Left and Right

America’s Polarization Has Nothing To Do With Ideology

Conservative author George Hawley on why the Left/Right Red/Blue Alt-Right/Antifa tribal civil war is a smokescreen. Economics and social class aren’t the main issues either. Americans largely agree on those issues. My advice to ATS supporters and readers is to avoid being distracted by these “issues,” and keep your eyes on the prize. It is the system that is our enemy, and it is the largely non-ideological but anti-establishment “radical center” we need to reach at this point.

By George Hawley

The American Conservative

Although a seemingly simple concept, the issue of polarization has long frustrated political scientists. A superficial examination of the American political scene suggests an intensely polarized electorate, divided along partisan and ideological lines. Watching cable news, we see competing camps that have few points of agreement, with anger the dominant emotion. Yet a dive into public opinion on questions of policy tells a different story.

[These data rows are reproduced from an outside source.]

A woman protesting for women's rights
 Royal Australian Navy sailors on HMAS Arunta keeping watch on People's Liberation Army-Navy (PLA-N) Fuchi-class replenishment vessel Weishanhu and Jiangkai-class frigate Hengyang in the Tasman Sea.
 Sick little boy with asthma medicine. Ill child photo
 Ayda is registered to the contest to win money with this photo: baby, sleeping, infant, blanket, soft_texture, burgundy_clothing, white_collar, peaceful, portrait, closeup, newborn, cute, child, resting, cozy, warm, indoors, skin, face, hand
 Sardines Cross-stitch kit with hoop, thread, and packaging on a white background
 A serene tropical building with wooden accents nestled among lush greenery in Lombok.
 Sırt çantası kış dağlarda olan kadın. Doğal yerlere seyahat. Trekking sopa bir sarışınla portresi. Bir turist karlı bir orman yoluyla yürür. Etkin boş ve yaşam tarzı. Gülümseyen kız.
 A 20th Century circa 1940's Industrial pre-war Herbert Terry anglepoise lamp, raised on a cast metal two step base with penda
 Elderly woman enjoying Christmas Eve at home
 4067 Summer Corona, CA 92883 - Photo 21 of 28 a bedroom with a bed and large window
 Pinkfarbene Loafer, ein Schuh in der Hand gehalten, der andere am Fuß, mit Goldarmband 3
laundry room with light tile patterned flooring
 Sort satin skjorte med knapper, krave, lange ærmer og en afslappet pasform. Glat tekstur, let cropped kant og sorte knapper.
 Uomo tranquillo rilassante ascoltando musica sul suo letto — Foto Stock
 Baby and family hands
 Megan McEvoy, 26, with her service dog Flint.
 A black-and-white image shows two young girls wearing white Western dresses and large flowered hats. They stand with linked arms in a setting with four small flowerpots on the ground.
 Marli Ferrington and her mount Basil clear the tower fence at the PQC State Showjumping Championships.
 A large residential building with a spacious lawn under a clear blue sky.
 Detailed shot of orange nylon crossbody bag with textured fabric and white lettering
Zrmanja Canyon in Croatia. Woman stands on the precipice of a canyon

In 2004, Stanford University political science professor Morris Fiorina and his colleagues persuasively argued that Americans are not bitterly divided on the most contentious policy questions, that in fact Americans lack true ideological convictions. Their argument today remains as sound as ever.

The claim that most of us have a coherent bundle of ideological constraints that inform our policy preferences and voting choices has little empirical support. The number of consistent liberals and conservatives in the electorate remains very small. The Bible-thumping, pro-war, free-market purist is a rare creature. So is the gun-grabbing, abortion-loving, socialist atheist. Perfect conservative and liberal stereotypes are hard to find in the real world.

Especially on economic issues, Americans exhibit a remarkable consensus, for better or for worse. Across the partisan divide, most people endorse a form of welfare capitalism—we just disagree on the minutia of tax policy, regulation, and the strength of the social safety net.